Pour les transports tout le monde est d’accord, ça permettrait au moins dans Marseille de les utiliser de préférence à la voiture individuelle, comme à Lyon par exemple. Mais de meilleurs transports en commun ne créent pas d’emplois, si ce n’est dans les transports. S’il est illusoire pour un actif de l’Estaque d’aller occuper l’emploi qu’on lui propose à la Valentine, cet emploi profitera à un autre demandeur d’emploi habitant plus près et c’est plutôt mieux.

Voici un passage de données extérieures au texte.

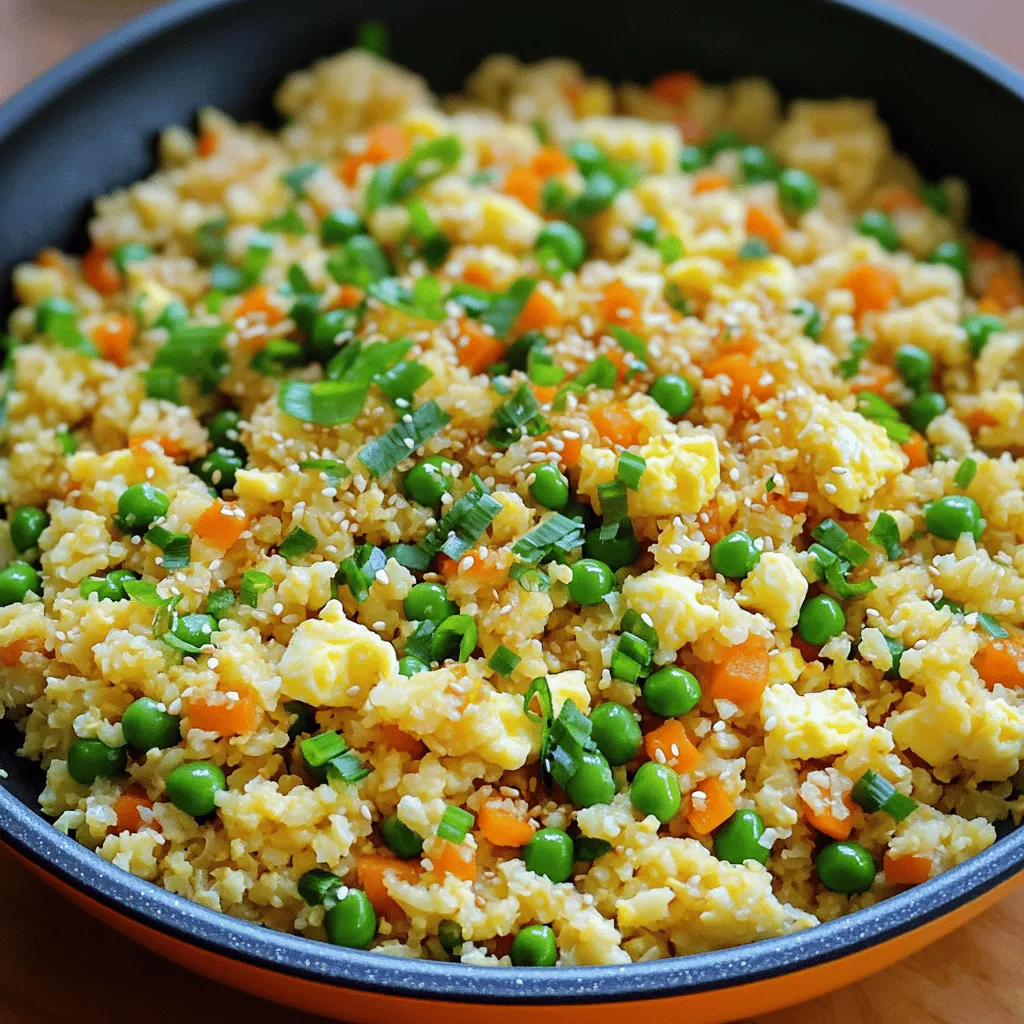 - 1 medium head of cauliflower, riced - 1 cup frozen peas and carrots - 1 small onion, finely chopped - 3 cloves garlic, minced - 2 eggs, beaten - 3 tablespoons soy sauce (or tamari for gluten-free) - 2 tablespoons sesame oil - 1 tablespoon olive oil - 2 green onions, sliced - Salt and pepper to taste - 1 teaspoon grated ginger - Hot sauce (optional for serving) Cauliflower fried rice is a wonderful dish that fits many diets. The main ingredient is riced cauliflower. It stands in for regular rice, making the dish low-carb. You can make the cauliflower rice by grating it or using a food processor. The frozen peas and carrots add color and flavor. They require no prep, which saves time. Chopped onion and minced garlic bring depth to the dish. They create a nice base that enhances every bite. For protein, we use beaten eggs. They add richness and help bind the dish. If you want more protein, you can add chicken, shrimp, or tofu. The soy sauce or tamari gives a savory taste. Sesame oil adds a nutty flavor that makes every bite special. Olive oil helps with cooking and adds healthy fats. Don’t forget to season with salt and pepper. Green onions add a fresh touch. If you like a kick, try adding ginger or hot sauce. You can adjust the flavors to suit your taste. This recipe is easy and quick. You can have a delicious meal ready in about 20 minutes. For the full recipe, check the link. - Rinse and chop the cauliflower into florets. - Rice the cauliflower using a food processor or grater. To start, rinse your cauliflower well. Remove the leaves and core. Then chop it into small florets. This helps with even cooking. Next, you need to rice the cauliflower. You can use a food processor or a box grater. Aim for small pieces that look like grains of rice. - Heat olive oil in a skillet over medium-high heat. - Sauté onion until translucent. - Add garlic and optional ginger, cooking until fragrant. Now, heat olive oil in a large skillet over medium-high heat. You want it hot but not smoking. Add the finely chopped onion. Sauté it for about 2-3 minutes until it turns translucent. This step adds a nice base flavor. Then, stir in the minced garlic. If you like, add grated ginger too. Cook for about one minute until it smells great. - Stir in frozen peas and carrots, and cook until heated. - Push vegetables aside to scramble the eggs. Next, add your frozen peas and carrots. Stir them in and let them cook for about 3-4 minutes. They should get hot and tender. Once heated, push the veggies to one side of the pan. Pour the beaten eggs into the empty side. Scramble the eggs until they're fully cooked. Mix them into the veggie mix. - Add riced cauliflower and mix with the vegetable and egg mixture. - Drizzle soy sauce and sesame oil, seasoning to taste. Now, it’s time to add the riced cauliflower. Stir it well to combine with the veggies and eggs. Let everything cook together for about 5-7 minutes. You want the cauliflower tender but not mushy. Drizzle soy sauce and sesame oil over the mix. This adds great flavor. Season with salt and pepper to taste. - Stir in sliced green onions and serve hot. - Add hot sauce as desired. Finally, remove the skillet from the heat. Stir in the sliced green onions for a fresh touch. Serve your cauliflower fried rice hot. If you like a kick, drizzle some hot sauce on top. Enjoy this healthy and tasty dish! For a detailed recipe, check the Full Recipe section. To rice cauliflower, start with a medium head. Remove the leaves and core. Cut it into small florets. You can use a food processor or a box grater. Pulse the florets until they look like grains of rice. This method gives you the best texture. To avoid excess moisture, be sure to dry the riced cauliflower. After ricing, spread it on a clean kitchen towel. Let it sit for a few minutes. This helps absorb extra water. If you skip this step, your fried rice may turn soggy. Cooking times matter. For best results, keep track of how long you cook each ingredient. Sauté the onion for 2-3 minutes until clear. Then, add garlic and ginger for just 1 minute. This keeps their flavor strong. When you add the frozen peas and carrots, cook them for 3-4 minutes. They need to heat up fully. After that, scramble the eggs for about 2 minutes. This helps keep everything tender. Finally, cook the riced cauliflower for 5-7 minutes. Stir often but don’t overcook it. You want it tender, not mushy. Spices and sauces can take your dish to the next level. Soy sauce adds saltiness and depth. If you want a gluten-free option, use tamari. Sesame oil gives a nice nutty flavor. A pinch of salt and pepper will enhance the dish too. Feel free to adjust seasoning based on your taste. If you like heat, add hot sauce or red pepper flakes. For a sweet twist, consider adding a bit of pineapple. This keeps your meal interesting and tailored to your preferences. {{image_2}} You can easily add protein to your cauliflower fried rice. Chicken, shrimp, or tofu all work well. For chicken, use cooked or leftover meat. Dice it into small pieces. If you choose shrimp, cook them until they turn pink. Tofu is a great choice for a vegetarian option. Make sure to press and cube it first. Mix the protein in when you add the riced cauliflower. This way, it warms through and blends with the flavors. While peas and carrots are classic, you can swap them out. Try bell peppers, zucchini, or broccoli. These veggies add color and crunch. If you want to use seasonal vegetables, think about asparagus in spring or squash in fall. Cut these vegetables into small pieces for easy cooking. Add them at the same time as the frozen peas and carrots. You can change the flavor of your fried rice in fun ways. For a sweet twist, add pineapple chunks. This gives a tropical taste. If you like heat, toss in some chilies or sriracha. For a vegetarian option, skip the meat and focus on umami flavors. Use more soy sauce or add mushrooms. This keeps the dish rich and tasty, just like traditional fried rice. Enjoy exploring these variations to make your meal special. To keep your cauliflower fried rice fresh, use airtight containers. This helps prevent moisture loss and keeps it tasty. You can store the leftovers in the fridge for up to four days. If you want to keep it longer, consider freezing it. Frozen cauliflower fried rice can last up to three months. When reheating, the best way is in a skillet over medium heat. This method helps keep the texture nice and prevents it from becoming soggy. Stir occasionally and add a splash of water if it seems dry. You can also use a microwave. Just cover the bowl with a damp paper towel to retain moisture. This keeps the dish flavorful and fresh, just like when you made it. Cauliflower fried rice is a healthy twist on the classic dish. Instead of using regular rice, we use riced cauliflower. This makes it low in carbs and full of flavor. Cauliflower absorbs flavors well, making it a perfect base. You can enjoy it as a side or a main dish. Yes, you can easily make cauliflower fried rice vegan! Simply skip the eggs or replace them with scrambled tofu or chickpea flour. These alternatives add protein without the eggs. You can also use nutritional yeast for a cheesy flavor. You can freeze cauliflower fried rice! Cook it fully, then let it cool. Place it in an airtight container or bag. It can last up to three months in the freezer. When ready to eat, thaw in the fridge overnight. Reheat in a skillet or microwave. Cauliflower fried rice pairs well with many dishes. Consider serving it with stir-fried vegetables or grilled chicken. You can also enjoy it with shrimp or tofu for added protein. A fresh salad or spring rolls can make a complete meal. For a little extra kick, add hot sauce! Cauliflower fried rice is a tasty, healthy dish featuring riced cauliflower, vegetables, and eggs. We discussed how to prepare and cook it step by step, along with helpful tips and variations to suit your taste. This dish is easy to make, and you can customize it with your favorite proteins or veggies. Enjoy your homemade cauliflower fried rice hot and fresh. It’s a great choice for quick meals and leftovers. You’ll love how simple and delicious it is!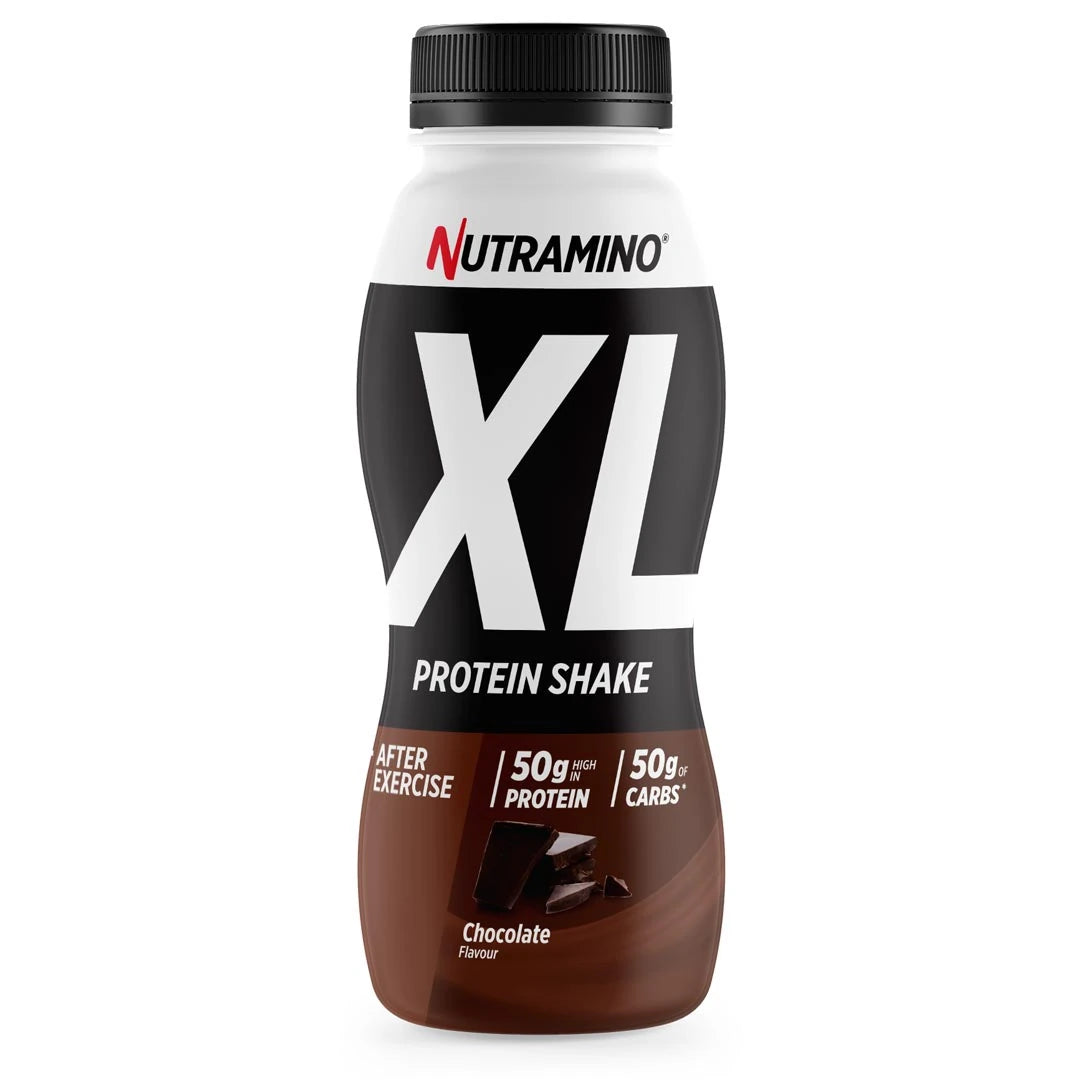 Nutramino Protein XL Shake 475 ml ferdigblandet proteinshake i en svart, hvit og brun flaske med sjokoladesmak., bilde 2 av 2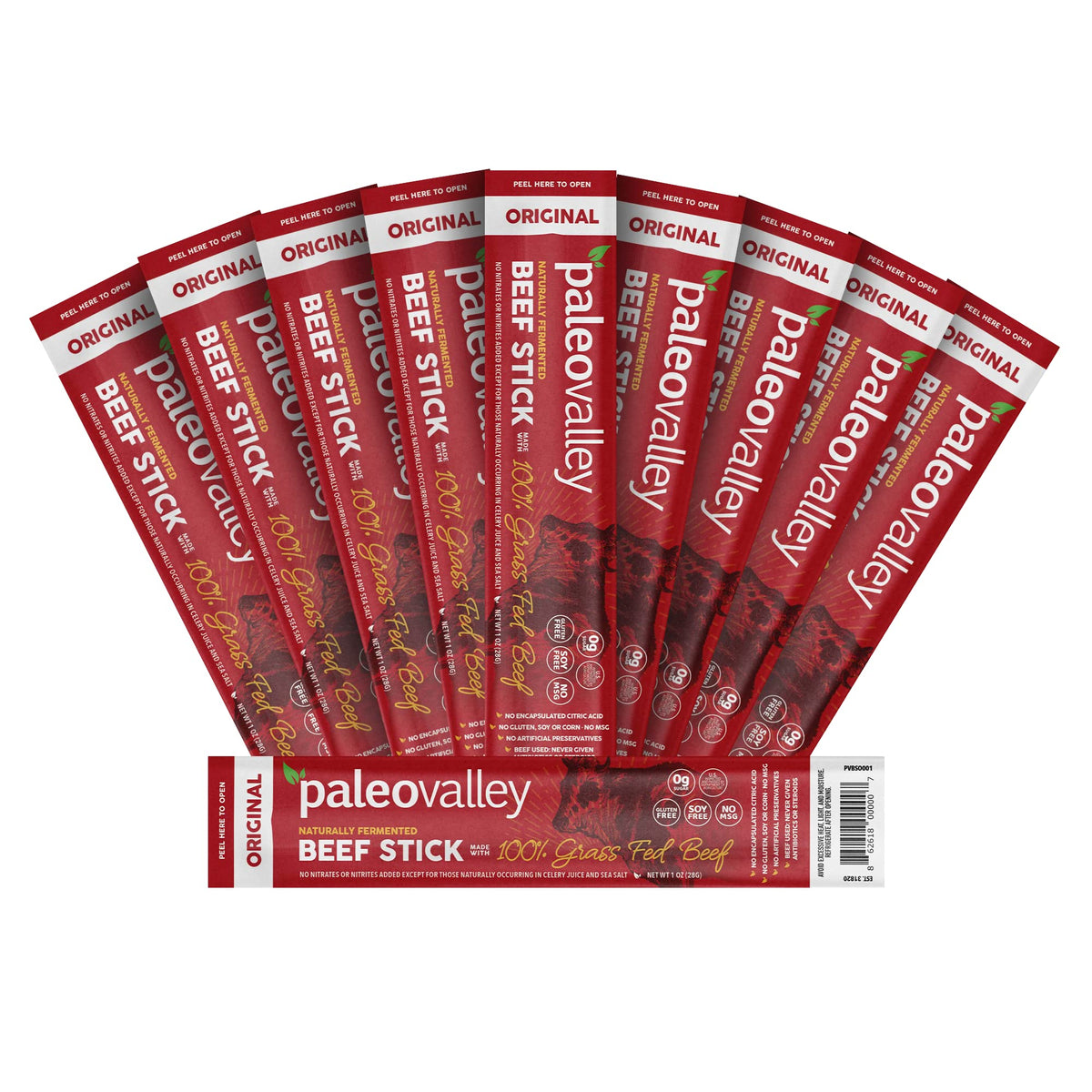 Paleovalley 100% Grass-Fed Original Beef Sticks – Gluten Free, High-Protein Keto Snack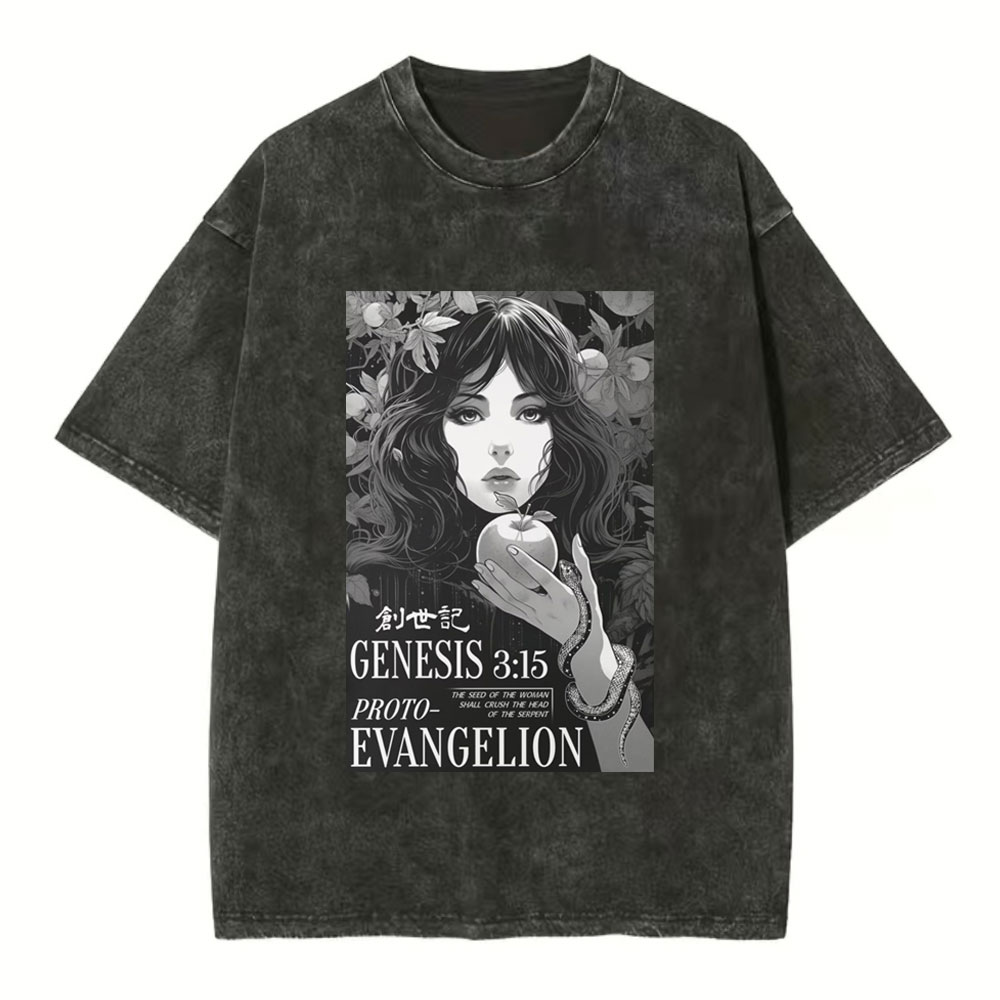 Retro Bible Print Genesis Evangelion Christian Washed T-Shirt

Quant à l’attractivité de Marseille, les occasions ne manquent pas de la voir en berne, comme à l’occasion de cet Euro et des violences du WE : http://www.liberation.fr/france/2016/06/12/a-marseille-des-supporteurs-hors-de-controle_1458912
Y a-t-il eu un discours expliquant quels emplois et comment ils pouvaient être développés à Marseille ? Le port et la logistique en tout cas peuvent en générer, Mais comment le projet de chantier combiné de Mourepiane a-t-il été compris ? Comme un emmerdement pour le quartier. Et les élus (de gauche) ont jugé qu’ils feraient davantage de voix là-dessus, qu’en expliquant les enjeux à la population et en accompagnant ce projet pour l’adapter.